Türkiye’de erkek ve kız çocuklarının ilköğretimde okullulaşma sayılarına bakıldığında erkeklerden farklı olarak 600,000 kız çocuğunun okula gitmediği görülmektedir. Bu nedenle Türkiye, UNICEF’in temel eğitimde cinsiyet eşitliğinin sağlanması ve bu konuya daha fazla duyarlılık gösterilmesini gerekli gördüğü 25 ülke arasında yer almaktadır.
Varolan Durum
Bazı illerde kız çocukların eğitiminin önündeki en önemli engel okul ve derslik yetersizliğidir.
Çok sayıda çocuk, okula ulaşmak için uzun yolculuklar yapmak zorundadır. Durumun en güç olduğu on ilde 57,000 öğrenci okula her gün otobüsle gitmektedir ve bu çocukların ancak 15,500 kadarı kızlardır. Kış aylarında kar yolları kapadığında okula devam oranı daha da azalmaktadır.
Yaşadıkları yerler okullardan uzak olan 52,000 çocuğun da eğitimini yatılı olarak sürdürmesi gerekmektedir ve aileler çocuklarını uzaktaki okullara yatılı göndermekte zorlanmaktadır. Ana babaların çocuklarını okula göndermekten vazgeçmelerinin bir diğer nedeni de kimi okullarda tuvalet ve su gibi imkânların olmayışıdır.
Birçok aile kız çocukların eğitiminin önemli olmadığını düşünmektedir. Kız çocukları erken yaşta evlendirilmekte, birçok kız çocuk da ev işlerine yardım etsin diye evde tutulmaktadır.

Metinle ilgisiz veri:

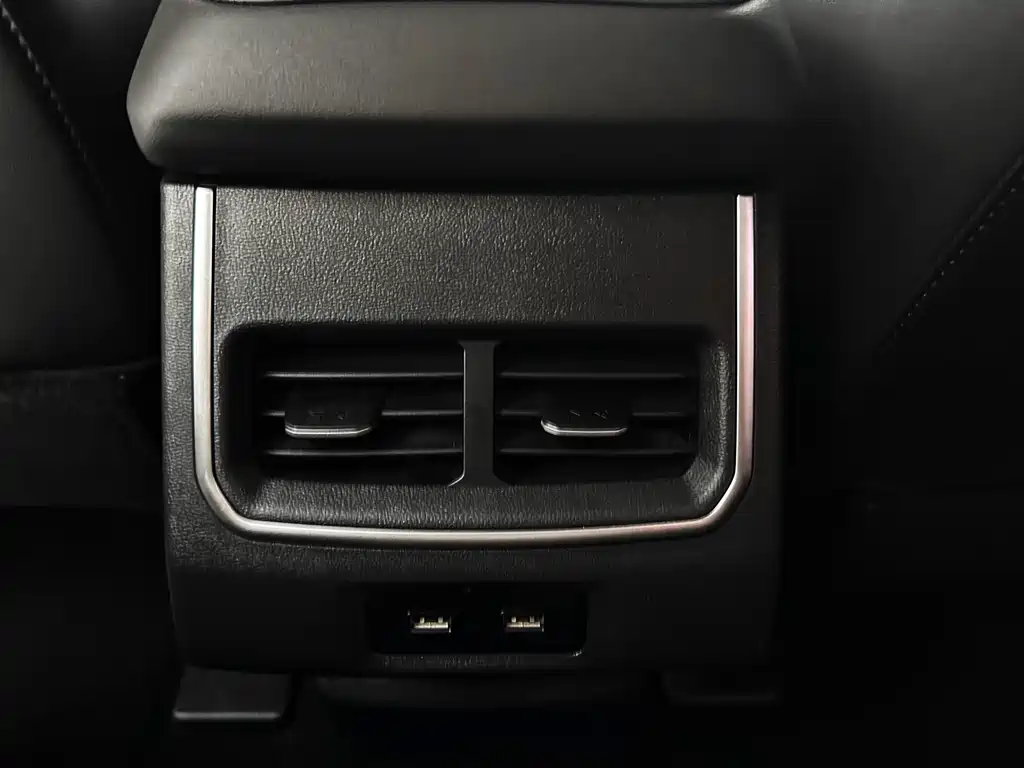 Haval H6 2023 — фото 18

Mevcut ilköğretim öğretmenlerinin üçte biri kadındır. Ancak kadın öğretmenlerin büyük bölümü kentler ve kasabalardaki okullarda görev yapmaktadır. Köylerde kadın rol modellerinin olmayışı, kız çocuklarının özenmelerini teşvik edecek bir etkenin yokluğu anlamına gelmektedir.
Çocuklarını ilköğretime göndermek isteyen aileler, daha sonraki orta öğrenim imkânlarının sınırlı olduğunu görmektedirler. Sekiz yıllık zorunlu eğitimde de birtakım sorunlar vardır; çünkü birçok köydeki okul ancak ilk beş yıl için eğitim vermektedir ve daha sonraki yıllarda okula gidemeyen öğrenciler sistem dışında kalan çocuk sayısını artırmaktadır.
Beklenen Değişiklikler
• 53 ilde ilköğretimdeki cinsiyet eşitsizliğinin giderilmesi.
• Sistem dışı çocuk sayısının azaltılması.
• İhtiyacı karşılamak üzere daha fazla okul açılması.
• Uzun mesafe yol alarak okula gitmek ya da yatılı okumak zorunda olan öğrenci sayısının azaltılması.
• Kız çocukların eğitimine odaklaşmanın sosyal değişim için bir araç olarak işlev görmesi.
• Kız çocukların geleneksel anlayış içindeki rollerine ilişkin tutumlarının değişmesi.
• Daha çok sayıda kız okula gideceğinden çocuk işçiliğinin azalması.
• Eğitimli kızların daha sağlıklı olmaları, daha geç evlenmeleri ve daha az, ancak sağlıklı çocuk sahibi olmaları.